Sunday, January 30, 2011

Civilians in War Zones and International Law

In a discussion on Civilians in War Zones, eminent Judge, Richard Goldstone, formerly of the Constitutional Court of South Africa, characterized the last century as “very bloody”. At the beginning of the 20th century, there was one civilian killed for every eight or nine soldiers. In World War II, the ratio became 1 to 1. Now, for every soldier killed, nine civilians die. The cause is the use of indiscriminate air power which pays propaganda value lip service to supposed minimization of collateral damage, a euphemism for civilian injuries, but also because of “deliberate attacks against civilians” to terrorize them.

Though we already have some excellent international court facilities, like The Hague in Holland, not all countries co-operate in making them effective, including the US, and so to deter this trend, Goldstone wants better international courts and more international co-operation to bring criminals to justice:

Our only hope is in an efficient, international system of justice&hellip [and] …an effective, coherent international system of law.

The widespread availability of pictorial evidence, from digital cameras, mobile phones and hand held movie cameras, easily transmitted from country to country by the internet offers new ways of bringing criminals to justice.
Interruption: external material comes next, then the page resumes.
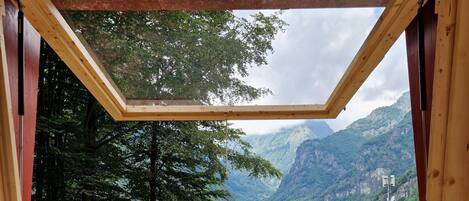 Maison, vue sur la montagne | Vue sur la montagne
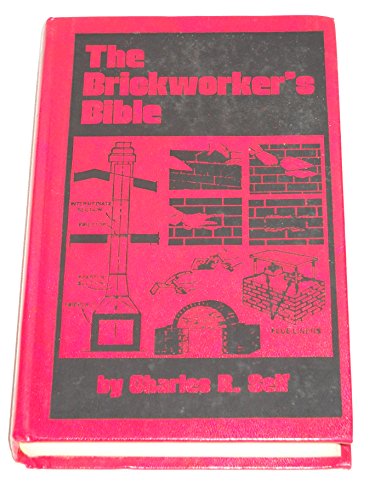 Beispielbild fr The Brickworker's Bible zum Verkauf von Wonder Book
He said:

There should be true equality. People’s human dignity and their right to that dignity needs to be recognized, [through] a concerted effort to implement international law.

Helen Stacy, a Stanford scholar in international and comparative law, pointed to the admirable role of the US in bringing about the adoption of the Universal Declaration of Human Rights, and in pressing on with the Nuremberg Trials. Yet the US has fallen short of its once impressive standards in refusing to sign, for example, the Convention on the Rights of the Child. 194 nations have ratified this convention including all of the nations in the UN except Somalia and the US! Equally, the UN Convention on the Elimination of All Forms of Discrimination Against Women, has only not been signed by the US.

The US has, of course, liberal forms of expression, and so notionally it is possible for citizens to raise these issues and press for them, but It is pretty plain to outsiders, if not to many people within the US system, that the fault in the system is the press and broadcast media which are overwhelmingly owned by one small section of society with a view of the world that does not favor many of these conventions, for all the past reputation of the US. The media either fail to highlight important international issues, or make light of them. Professor James Campbell, who headed Brown University’s Steering Committee on Slavery and Justice, said:

Conversations like this are enormously important. The future of international humanitarian law is being determined.

International humanitarian law is “a constant struggle, an inescapably political struggle assailed by powerful enemies, and curiously mocked by a public that regards it as naïve, feckless, or who regard the idea of international law as an oxymoron”. Nevertheless, “the rapid expansion of international law is ongoing… Just as freedom is a constant struggle, so is international humanitarian law. It is being waged in our country, in dialogues like the one we’re having today”.

Ultimately, the skepticism about international law, will remain valid as long as the most powerful country in the deliberately stands in the way of effective implementation because it prefers to be its own law. That would be fine, if that country operated internationally by the legal and democratic principles which it is fond of citing. Instead it uses the double talk of John Foster Dulles—it always agrees in principle, while in practice putting every obstacle in the way.